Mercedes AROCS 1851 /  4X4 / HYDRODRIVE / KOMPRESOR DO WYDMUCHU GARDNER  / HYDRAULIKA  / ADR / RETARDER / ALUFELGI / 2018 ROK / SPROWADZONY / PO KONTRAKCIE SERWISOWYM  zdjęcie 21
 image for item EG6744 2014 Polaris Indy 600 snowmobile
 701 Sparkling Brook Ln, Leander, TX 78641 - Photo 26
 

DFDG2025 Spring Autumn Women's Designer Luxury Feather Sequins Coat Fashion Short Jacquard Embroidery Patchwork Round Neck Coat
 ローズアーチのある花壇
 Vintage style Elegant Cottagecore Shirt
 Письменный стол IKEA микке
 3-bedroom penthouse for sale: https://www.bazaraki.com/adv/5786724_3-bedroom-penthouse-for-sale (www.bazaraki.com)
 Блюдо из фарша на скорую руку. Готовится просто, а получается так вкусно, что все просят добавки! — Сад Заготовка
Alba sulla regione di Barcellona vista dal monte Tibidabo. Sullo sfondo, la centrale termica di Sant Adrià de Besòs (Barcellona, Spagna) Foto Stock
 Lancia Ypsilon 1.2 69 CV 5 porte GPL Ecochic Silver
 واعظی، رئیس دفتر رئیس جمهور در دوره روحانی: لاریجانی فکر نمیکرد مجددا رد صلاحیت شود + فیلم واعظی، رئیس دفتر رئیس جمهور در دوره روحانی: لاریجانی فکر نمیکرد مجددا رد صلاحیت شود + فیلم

^^^^^^^^^^^^^^^^

## [Task to complete]
In the records above, copy exactly the lines from the one that contains "Письменный стол IKEA микке" through the last, and nothing else.

## [Exercise response]
 Письменный стол IKEA микке
 3-bedroom penthouse for sale: https://www.bazaraki.com/adv/5786724_3-bedroom-penthouse-for-sale (www.bazaraki.com)
 Блюдо из фарша на скорую руку. Готовится просто, а получается так вкусно, что все просят добавки! — Сад Заготовка
Alba sulla regione di Barcellona vista dal monte Tibidabo. Sullo sfondo, la centrale termica di Sant Adrià de Besòs (Barcellona, Spagna) Foto Stock
 Lancia Ypsilon 1.2 69 CV 5 porte GPL Ecochic Silver
 واعظی، رئیس دفتر رئیس جمهور در دوره روحانی: لاریجانی فکر نمیکرد مجددا رد صلاحیت شود + فیلم واعظی، رئیس دفتر رئیس جمهور در دوره روحانی: لاریجانی فکر نمیکرد مجددا رد صلاحیت شود + فیلم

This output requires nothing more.